Stored dataset items
· · · ·

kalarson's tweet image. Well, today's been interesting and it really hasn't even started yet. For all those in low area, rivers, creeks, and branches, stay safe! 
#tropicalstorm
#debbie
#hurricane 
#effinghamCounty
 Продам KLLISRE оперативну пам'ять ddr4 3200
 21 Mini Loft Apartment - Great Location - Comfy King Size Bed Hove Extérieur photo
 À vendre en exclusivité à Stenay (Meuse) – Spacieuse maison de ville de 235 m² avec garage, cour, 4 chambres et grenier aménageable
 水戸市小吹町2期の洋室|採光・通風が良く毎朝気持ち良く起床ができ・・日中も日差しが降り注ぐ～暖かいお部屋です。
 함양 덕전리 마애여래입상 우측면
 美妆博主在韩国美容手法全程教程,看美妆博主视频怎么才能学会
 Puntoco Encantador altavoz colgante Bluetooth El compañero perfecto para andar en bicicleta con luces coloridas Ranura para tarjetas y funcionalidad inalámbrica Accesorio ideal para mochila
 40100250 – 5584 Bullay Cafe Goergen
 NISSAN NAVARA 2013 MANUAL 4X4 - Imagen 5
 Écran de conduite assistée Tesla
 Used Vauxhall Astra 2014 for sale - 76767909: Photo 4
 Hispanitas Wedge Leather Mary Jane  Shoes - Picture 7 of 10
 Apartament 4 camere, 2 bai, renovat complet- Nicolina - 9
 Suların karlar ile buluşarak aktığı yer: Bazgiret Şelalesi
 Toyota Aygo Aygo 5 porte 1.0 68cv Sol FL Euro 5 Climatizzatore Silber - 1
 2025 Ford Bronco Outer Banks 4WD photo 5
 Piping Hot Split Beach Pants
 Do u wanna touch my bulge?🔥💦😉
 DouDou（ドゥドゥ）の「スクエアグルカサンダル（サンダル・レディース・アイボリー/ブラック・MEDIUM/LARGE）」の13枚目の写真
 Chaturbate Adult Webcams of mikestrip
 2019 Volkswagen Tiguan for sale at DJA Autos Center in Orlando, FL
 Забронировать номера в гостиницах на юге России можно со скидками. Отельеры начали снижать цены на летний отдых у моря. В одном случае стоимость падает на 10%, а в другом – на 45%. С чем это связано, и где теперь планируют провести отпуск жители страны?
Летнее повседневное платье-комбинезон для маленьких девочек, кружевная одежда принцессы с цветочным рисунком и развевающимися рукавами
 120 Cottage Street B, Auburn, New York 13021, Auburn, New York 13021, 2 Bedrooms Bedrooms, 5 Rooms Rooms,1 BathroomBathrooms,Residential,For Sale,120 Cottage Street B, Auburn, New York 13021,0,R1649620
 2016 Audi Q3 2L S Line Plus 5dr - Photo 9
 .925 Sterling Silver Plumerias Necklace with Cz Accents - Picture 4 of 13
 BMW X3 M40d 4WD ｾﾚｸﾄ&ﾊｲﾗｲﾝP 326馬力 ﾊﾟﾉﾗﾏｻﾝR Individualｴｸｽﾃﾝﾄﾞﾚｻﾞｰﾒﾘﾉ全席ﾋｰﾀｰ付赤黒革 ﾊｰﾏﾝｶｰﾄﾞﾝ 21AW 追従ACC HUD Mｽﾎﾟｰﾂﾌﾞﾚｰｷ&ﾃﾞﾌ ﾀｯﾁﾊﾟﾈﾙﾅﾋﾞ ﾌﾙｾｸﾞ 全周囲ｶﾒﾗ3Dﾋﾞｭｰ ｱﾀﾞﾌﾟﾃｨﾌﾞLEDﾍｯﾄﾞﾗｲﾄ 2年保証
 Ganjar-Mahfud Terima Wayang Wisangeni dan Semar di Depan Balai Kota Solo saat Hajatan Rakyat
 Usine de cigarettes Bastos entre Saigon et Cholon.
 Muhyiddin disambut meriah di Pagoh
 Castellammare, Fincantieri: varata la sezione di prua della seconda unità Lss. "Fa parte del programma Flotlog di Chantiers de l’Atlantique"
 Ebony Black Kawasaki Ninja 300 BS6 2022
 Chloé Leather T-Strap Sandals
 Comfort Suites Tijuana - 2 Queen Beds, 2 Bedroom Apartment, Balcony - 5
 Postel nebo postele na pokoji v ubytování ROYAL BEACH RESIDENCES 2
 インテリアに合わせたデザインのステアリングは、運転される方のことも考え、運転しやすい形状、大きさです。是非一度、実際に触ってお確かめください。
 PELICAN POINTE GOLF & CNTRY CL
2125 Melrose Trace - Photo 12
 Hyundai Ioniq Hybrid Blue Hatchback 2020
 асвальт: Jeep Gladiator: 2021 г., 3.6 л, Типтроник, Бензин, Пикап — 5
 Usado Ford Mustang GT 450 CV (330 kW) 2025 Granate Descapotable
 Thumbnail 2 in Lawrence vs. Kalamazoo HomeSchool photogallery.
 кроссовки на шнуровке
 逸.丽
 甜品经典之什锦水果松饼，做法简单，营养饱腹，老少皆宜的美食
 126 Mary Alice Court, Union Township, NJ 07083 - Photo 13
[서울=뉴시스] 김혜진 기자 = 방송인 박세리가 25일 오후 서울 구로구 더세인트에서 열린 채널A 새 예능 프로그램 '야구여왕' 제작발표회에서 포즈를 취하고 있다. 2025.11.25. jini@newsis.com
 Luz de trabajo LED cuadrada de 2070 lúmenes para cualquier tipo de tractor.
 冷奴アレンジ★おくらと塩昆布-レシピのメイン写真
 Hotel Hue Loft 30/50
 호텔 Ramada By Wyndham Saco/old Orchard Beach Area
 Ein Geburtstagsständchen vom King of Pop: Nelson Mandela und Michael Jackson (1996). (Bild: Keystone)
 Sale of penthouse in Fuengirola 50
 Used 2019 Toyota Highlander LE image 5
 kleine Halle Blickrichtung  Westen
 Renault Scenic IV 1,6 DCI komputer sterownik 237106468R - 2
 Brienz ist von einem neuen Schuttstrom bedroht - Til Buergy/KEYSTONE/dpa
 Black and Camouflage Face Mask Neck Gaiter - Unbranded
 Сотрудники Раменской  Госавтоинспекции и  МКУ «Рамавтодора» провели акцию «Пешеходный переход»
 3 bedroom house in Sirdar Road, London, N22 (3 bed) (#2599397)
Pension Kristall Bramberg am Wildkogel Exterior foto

· · · ·

◆ WHAT IS REQUIRED
Write only the number of lines in the data where the string "Apartment" can be found.

◆ RESPONSE TO THIS EXERCISE
2